Reviewed by poc-1 6 / 10

Hit and miss, mostly miss

This movie tells the later stages of the crime career of John Dillinger, famous bank robber. What's good: Johnny Depp and Christian bale are good, the pacing is good, the sets and period detail are perfect. The score is quite good too.

What's bad: a shootout sequence is obviously shot on a video camera looks cheap and has a major discontinuity in it. Other scenes the camera is shaky.

Also for a movie that prides itself on historical detail, it plays fast and loose with the facts about the Dillinger gang. For instance the death of "Baby Face" Nelson is complete fiction. You are duped into thinking the director cares about historical details with all the period sets, cars, news stories on the radio etc, but actually major parts of the plot are just made up. Of course the reason that historical movies rarely follow history exactly is that real events don't naturally follow standard narrative.

So it is not a documentary, which is fine, so it must be a character movie right? This brings me to its biggest flaw. An important goal of a movie like this is to build an emotional connection with the central character.
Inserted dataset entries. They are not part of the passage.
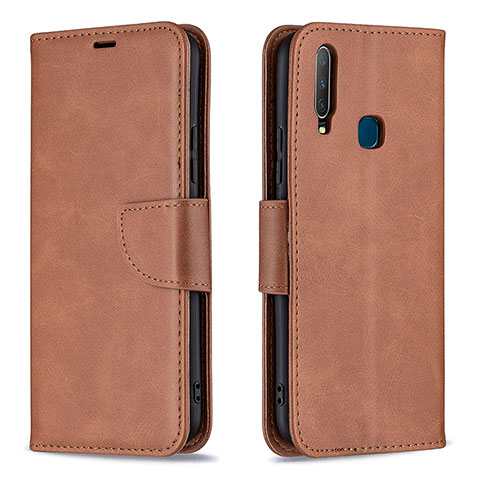 Coque Portefeuille Livre Cuir Etui Clapet B04F pour Vivo Y17 Marron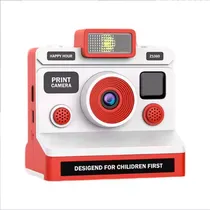 Camera Instantânea para Criança Children's Digital Happy Hour Z1000 com Acessórios / Inclui Papel (3 Peças) - Vermelho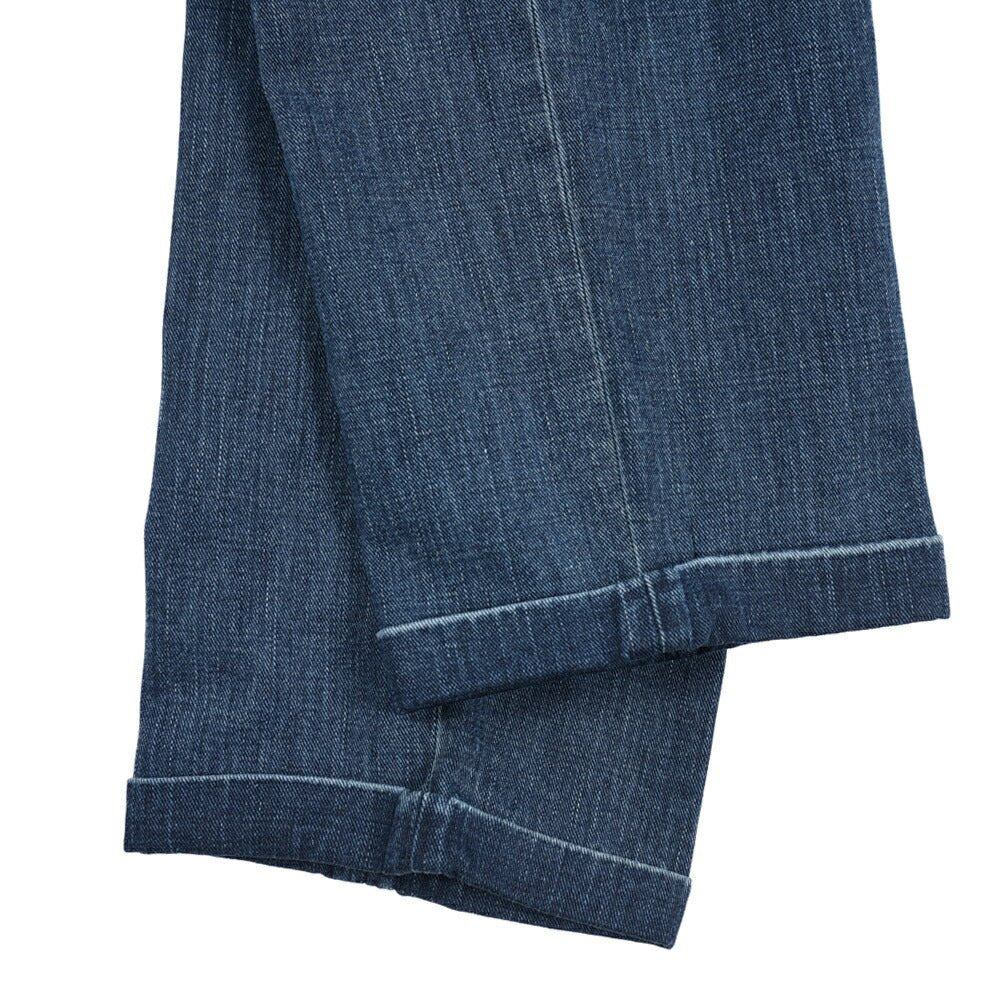 【P20倍】MOORER "WILTON - 32" ライトオンスデニム ドローコード付きワンタックパンツ デニスラ / 日本製生地｜437176-46｜GUARDAROBA MILANO OFFICIAL STORE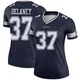 Dee Delaney Dallas Cowboys ＃37 Legend Women's Navy Jersey
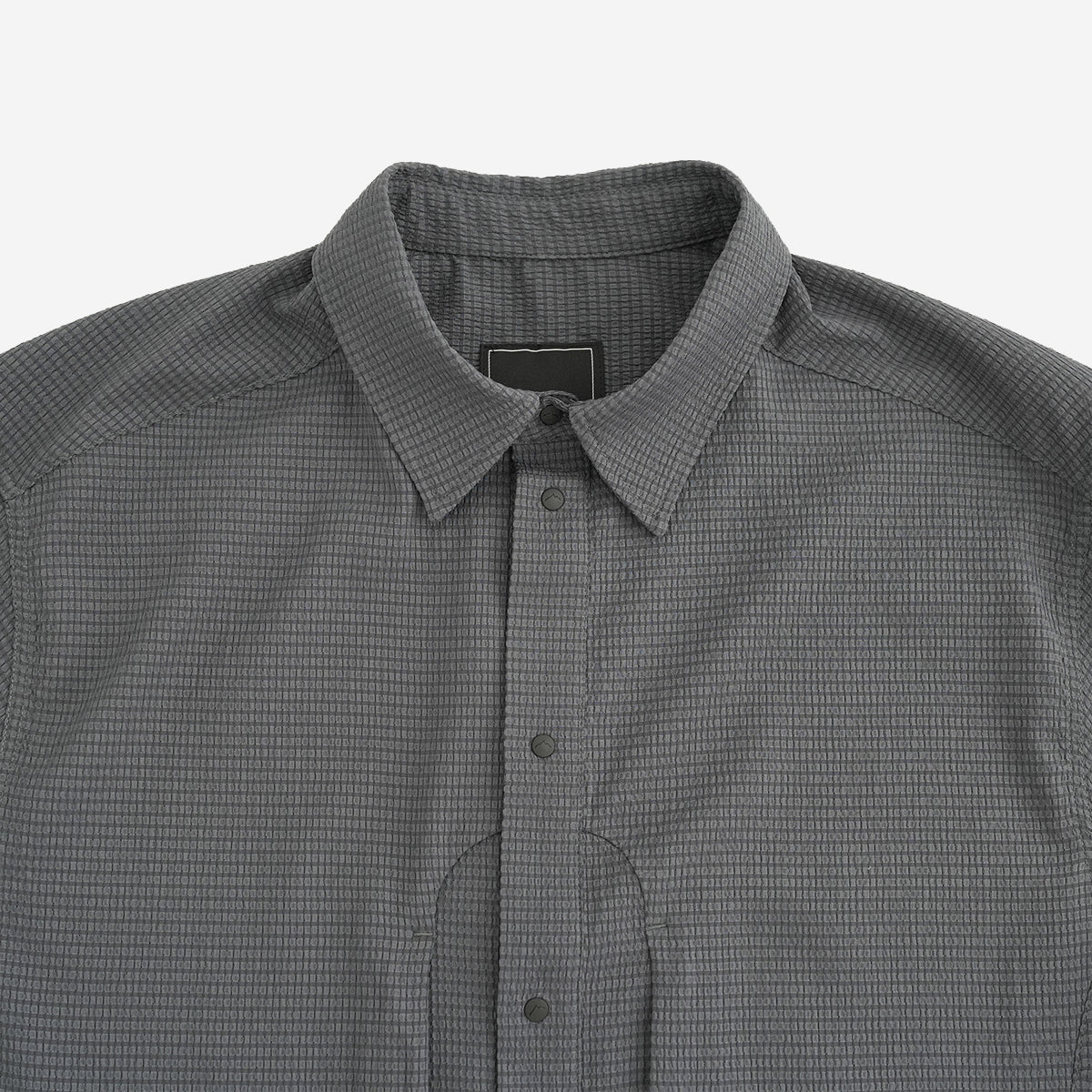 Flow Seersucker L/S Shirt - Charcoal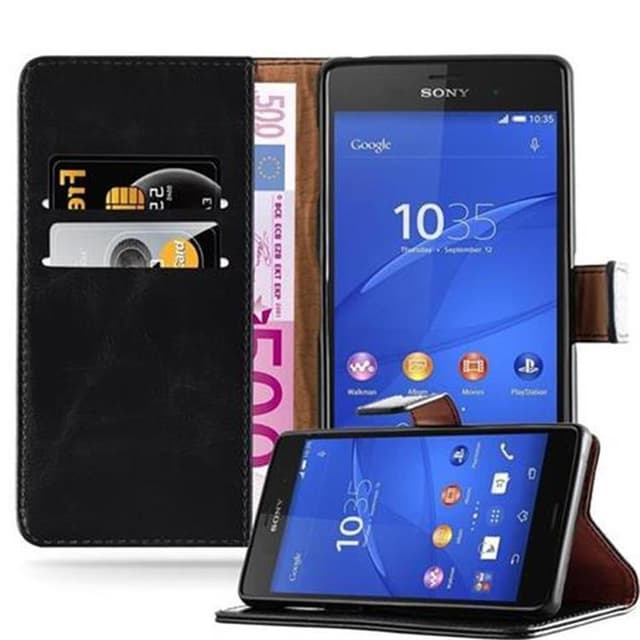Sony Xperia Z3 lommebokdeksel etui (svart)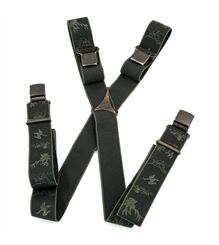 La Chasse® Hosenträger mit Jagdmotiven oliv 5612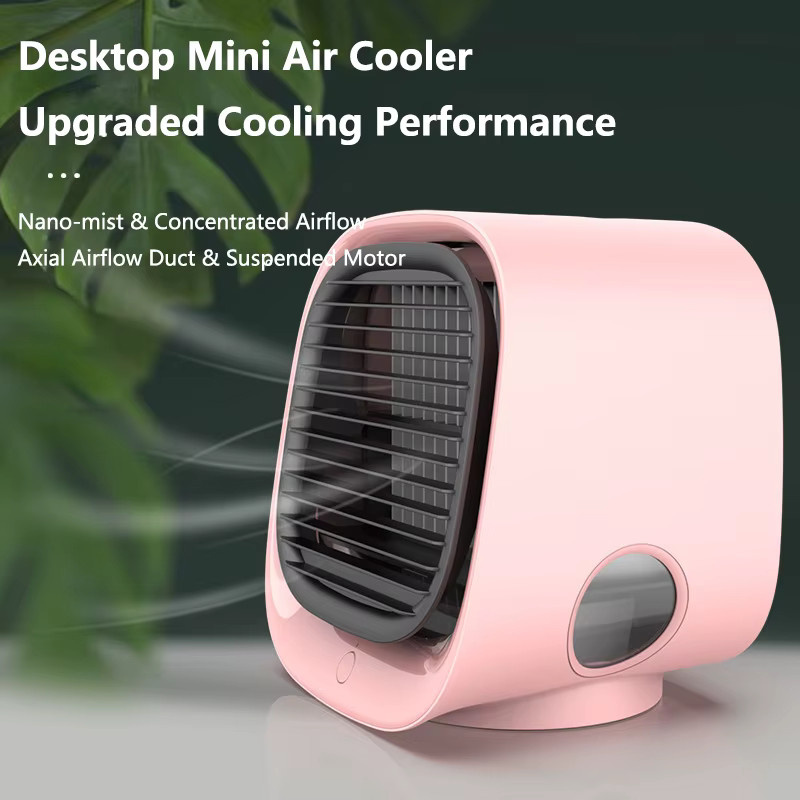 Lenovo Mini-Ventilator Luftkühler Desktop USB-Klimaanlage in Pink - Bild 4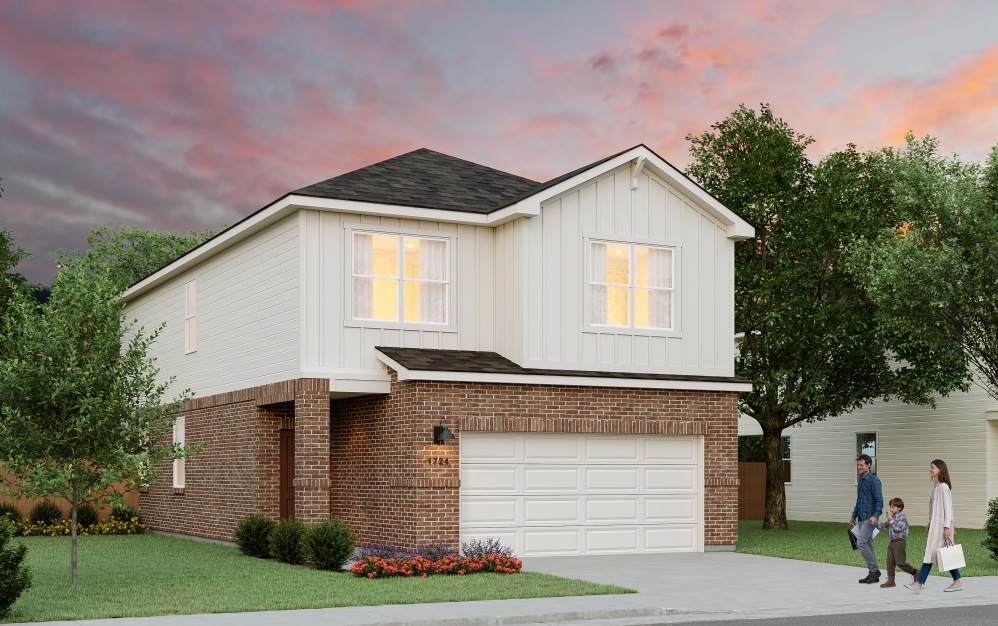 S3 - 4 bedroom floorplan layout with 2.5 bathrooms and 1890 square feet (Elevation B)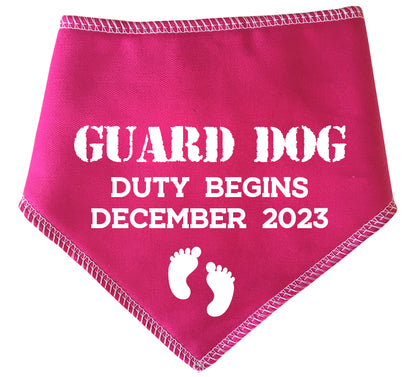 Guard Dog Duty Any Date Dog Bandana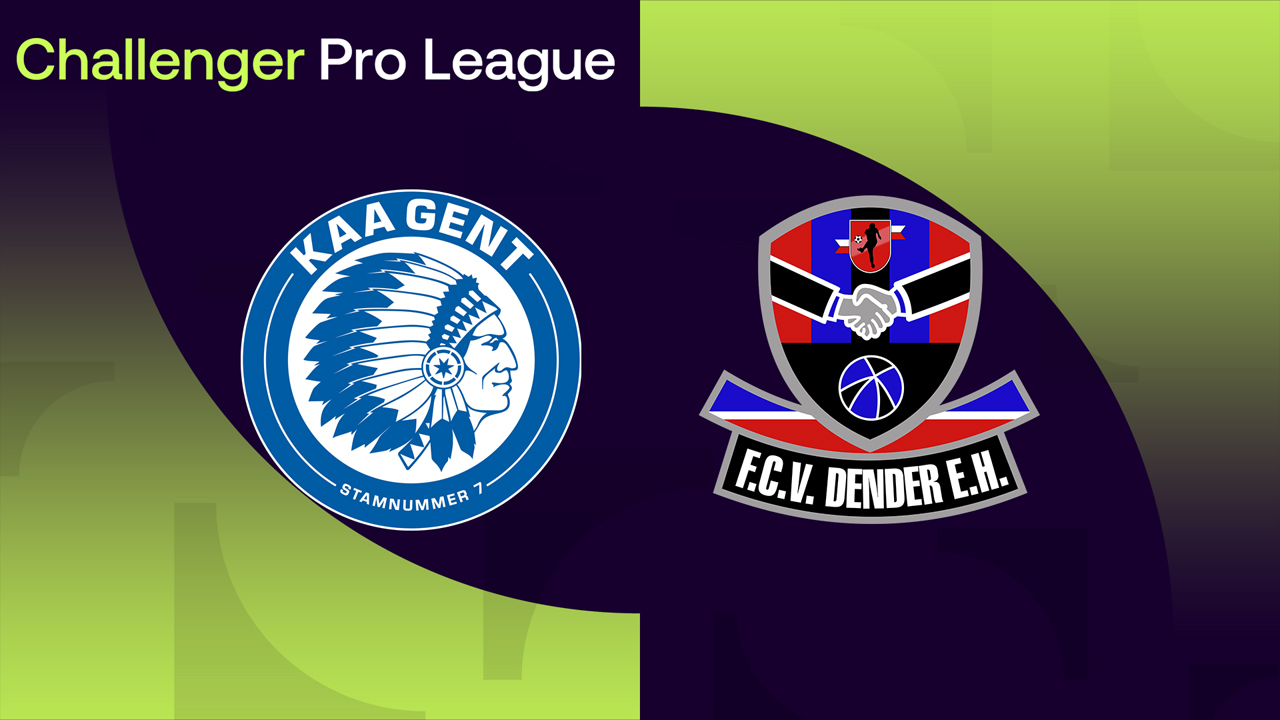 Jong Gent vs Dender poster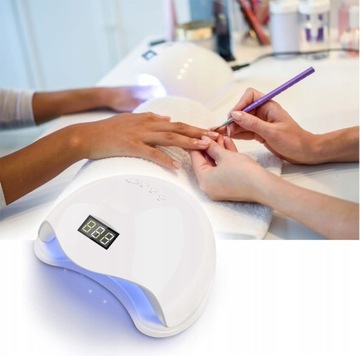 Lampa SUN5 LED + UV MOC 48W hybrydy +żel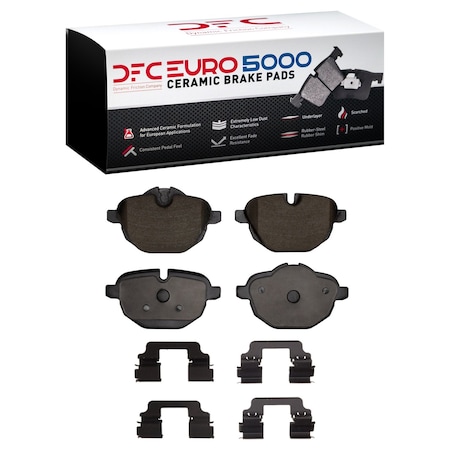 Dfc 5000 Euro Ceramic Disc Brake Pad Set,  1600-1473-01
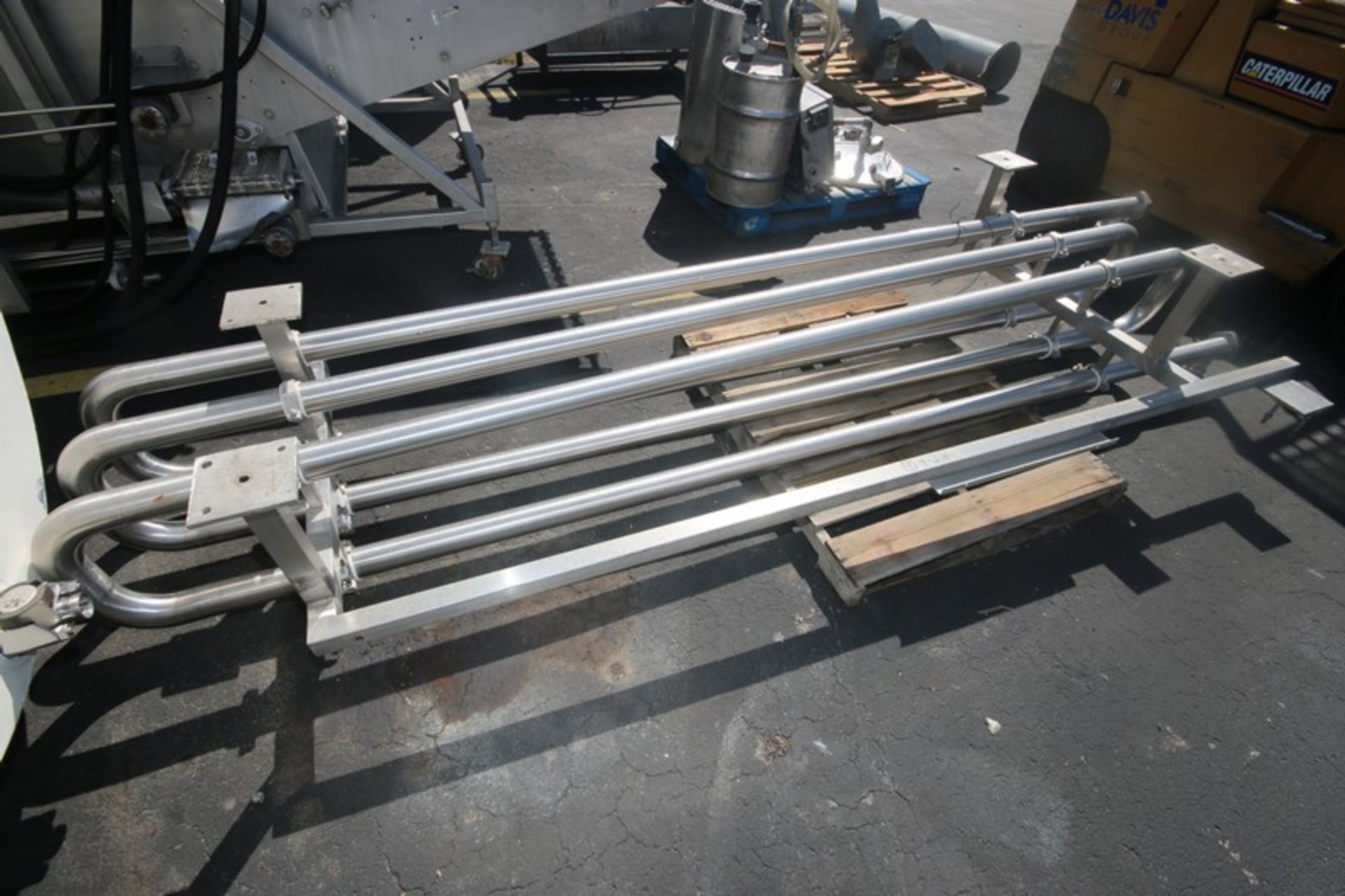 3-Pass 3" S/S Holding Tube, Aprox. 11' L, Mounted on S/S Frame (INv#69014)(LOCATED AT MDG AUCTION - Bild 4 aus 4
This ought to be easy with a character like Dillinger, because he actually built a huge public fan base as a latter day "Robin Hood", despite being a murderous bank robbing crook. It tries hard and it does get close, particularly with the scenes involving Billie, one of Dillinger's many girlfriends. In the end, though, I just did not care all that much about him..

It is competent, but ultimately it fails to match up in comparison with other movies of this genre. Right now the IMDb rating for this movie is higher than "The Untouchables", "Once Upon a Time in America" or "Goodfellas", which is a testament to the cinematic ignorance of the majority of IMDb voters. No doubt the same people will rate this comment down, probably without even reading it, simply because I did not give the movie a 9 or 10.